Is your Cyber Security framework failing your business?

Most businesses appreciate that operating effective management controls is easier when you know exactly where your data and resources sit. Arguably, now that networks are disparate and data could be held anywhere, managing your cyber security framework is becoming more of a challenge.

This is particularly the case when your network involves third party suppliers who may in turn rely upon third-party resources. And then there is the GDPR...with the new regulations come the elevated threat to your business’s compliance and reputation. (It is worth noting here however that compliance does not necessarily guarantee the security processes you are operating are effective). Fair to say, it is a complex environment.

So why has our business environment become subject to such a marked increase in threat?:

The answer probably likes with the changes to our working practices which have come about due to the use of and our increasing reliance on, technology. Cloud services, mobile phones, remote access, video conferencing and multiple networks can, without effective protection, allow easier access into more critical business systems and increase vulnerability. As a result, the threat has not only increased but has become more complex and opportunistic in nature, due to the increased number of potential access points.

What are latest threats?

  1. Sophisticated phishing attacks reporting from O365 and G-mail domains are disguised to look very legitimate but are solely focused on gaining a foothold into your system
  2. Increase in bad actors exploiting weak VPN and Zero-Logon attacks on infrastructure, where subjects expose VPN connectors or domain controllers to the internet
  3. Exposed databases such as mongodb or elastic search with default or weak credentials to the internet are being exploited with data extraction breaches
  4. Code repositories are reporting an increase in users scanning check-in history for potential secrets or access keysIt’s tricky stuff!.

It’s tricky stuff!

What does this all mean for the future?

In short there are a number of key pressure points to be aware of when considering how to ‘future proof’ your IT infrastructure

  1. Be aware - Legacy systems pose a known and certain danger – upgrade and decommission wherever possible. Make sure you embed a robust IT security culture with clear accountability
  2. Maintain your cyber security talent pool– if your organisation lacks the necessary specialists then engage externally. Don’t expose your Cyber Security posture to risk through lack of resources. Seek help!
  3. Threats will increase – this is the one thing we can be sure of. As protections improve so do hackers’ strategies for thwarting them. Regular security assessments form an intrinsic part of a robust security regime; ensure these are carried out by suitably qualified and experienced systems specialists. Risk management programs are underpinned by effective monitoring, logging, alerting and reporting and;
  4. Benchmark and monitor– carry out a thorough IT security audit to establish your current IT security status and put in place a robust plan to drive improvements and remediations.

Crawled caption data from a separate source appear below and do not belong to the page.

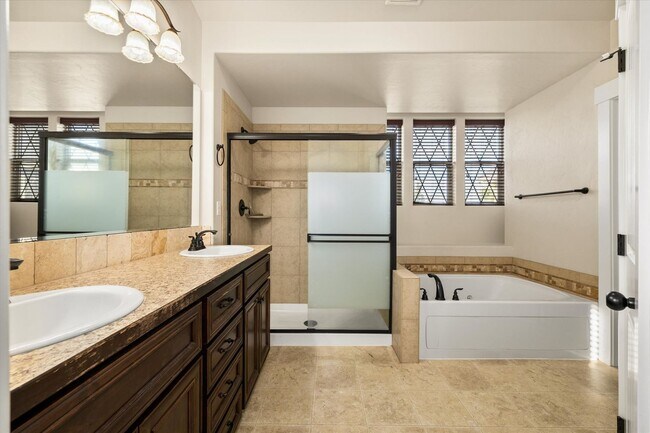Building Photo - Spacious 5-Bedroom Home (plus bonus room) ...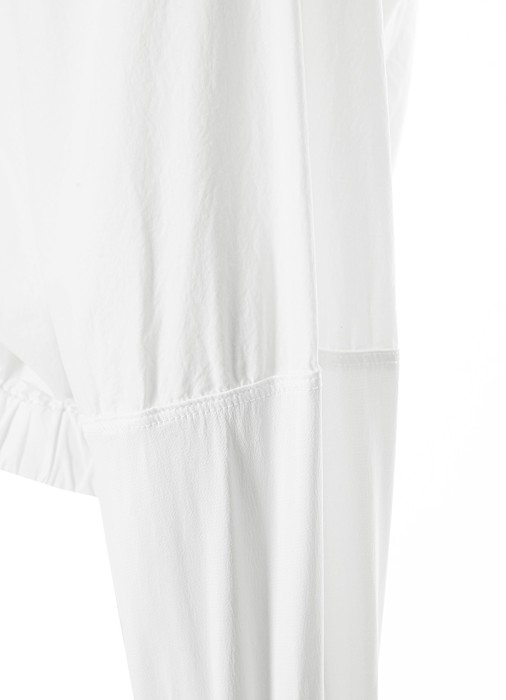 Товар черного цвета с внутренней стороны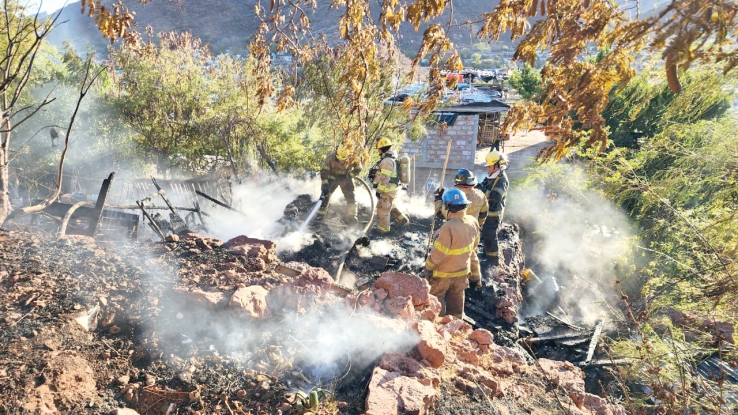 Destruye fuego humilde vivienda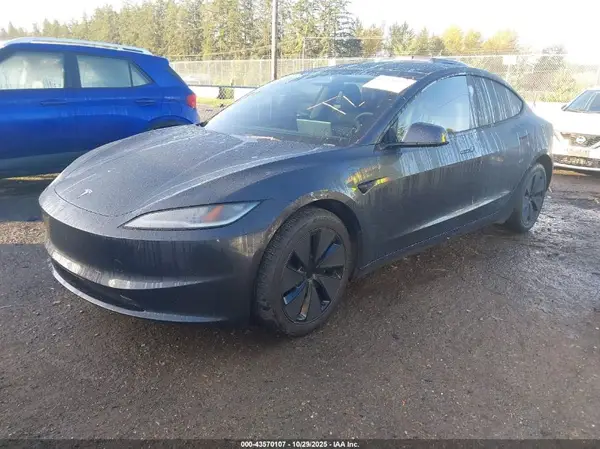 5YJ3E1EBXSF893555 2025 TESLA MODEL 3 - Image 2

So, if you are not sure where to start, or how much of a deep dive is necessary to establish your exposure to risk, call us now. Our consultancy and retainer based Cyber Security solutions will get you back on track

So, what steps should you take to protect your business from Cyber Attack?

The first step is to take a long, hard look at the ‘as is’ security status of your organisation by undertaking a comprehensive Cyber Security audit. Itmay be prudent to engage an external contractor to carry out this exercise as it is common knowledge that almost 80% of data breaches can be attributed to those inside your network with the remaining being through malicious Cyber-attack. Once the security posture has been established, improvements to security and critical infrastructure can then be implemented.

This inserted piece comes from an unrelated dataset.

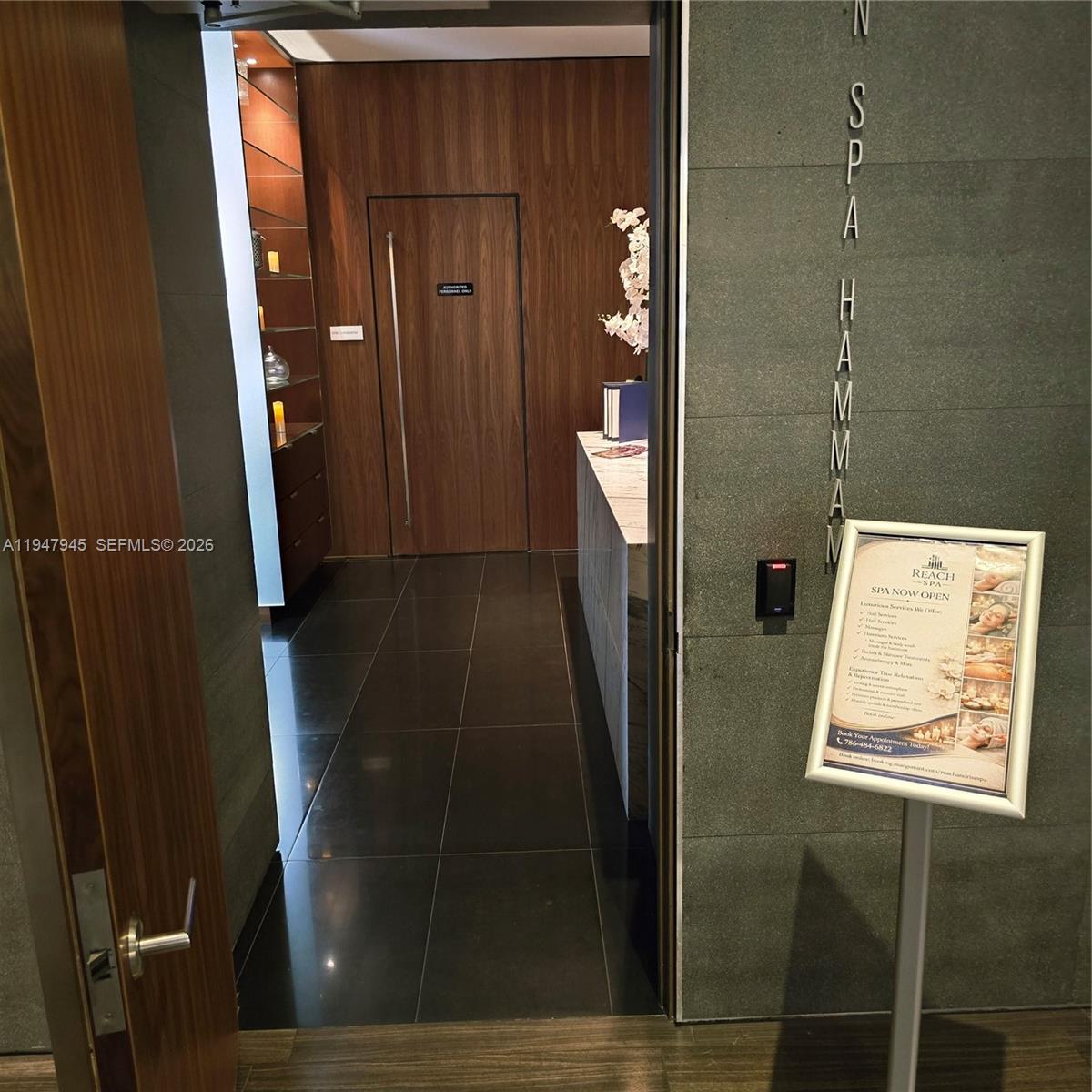 REACH CONDO - Residential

As threats become more sophisticated so must your protections. Ongoing review is critical to ensure that new threats are quickly identified and effective remediations put in place. However, there are also a number of simple strategies that could be employed to deliver a more robust Cyber security framework:

  • Make security a top-level priority not an afterthought – document inventories of your assets (even if it’s on pen and paper) and then assess the impact against the business should issues occur. Determine what should be updated or made more secure through hardening to reduce the risk of losing that asset to an attack.
  • Update – patches, etc. Ensure automatic updates are applied or subscribe to a notification service for IT admins to assess the patch and determine if it needs to be applied. Generally speaking, the security issues releases are necessary
  • Install appropriate monitoring and reporting processes – ideally ensure ransomware protection but if you can export logs into a centralised monitoring system, all the better for affording analysts abetter insight into irregular activities occurring on your IT network
  • Policies – how effective are your policies e.g. Access control Policy. Policies set a critical framework for operational procedures and if these are not robust enough, or religiously implemented, you leave your ‘door’ wide open to attack
  • Thoroughly vet your supply chain - ensure you have a robust and secure supply chain by risk by assessing the impact of a supplier being attacked by a cyber incident
  • Data management – control your data understand what you haveand where it's kept, inventories on pen and paper are a start but itis vital to establish the full reach of your infrastructure and thenstart implementing appropriate measures from there
  • Disaster recovery plan – do you have a Business Continuity Plan (BCP) is developed in line with ISO9001 and the principles of ISO 22301? Start with an inventory as outlined in Point 1 above and use this as a starting point to establish how you can support the business to recover in the event of interruption or attack.
  • Add multi-layered defences don’t just rely on firewalls – defence in depth is the best approach, consider hardening, monitoring, zero-trust, defence software such as Endpoint Detection & Response.
  • Compliance – go above and beyond, compliance in itself will not ensure you are free from risk. Around 80% of security breaches are as a result of human error so IT security is not just dependent on software; it is dependent upon promoting a forward-thinking, proactive IT security culture across the organisation.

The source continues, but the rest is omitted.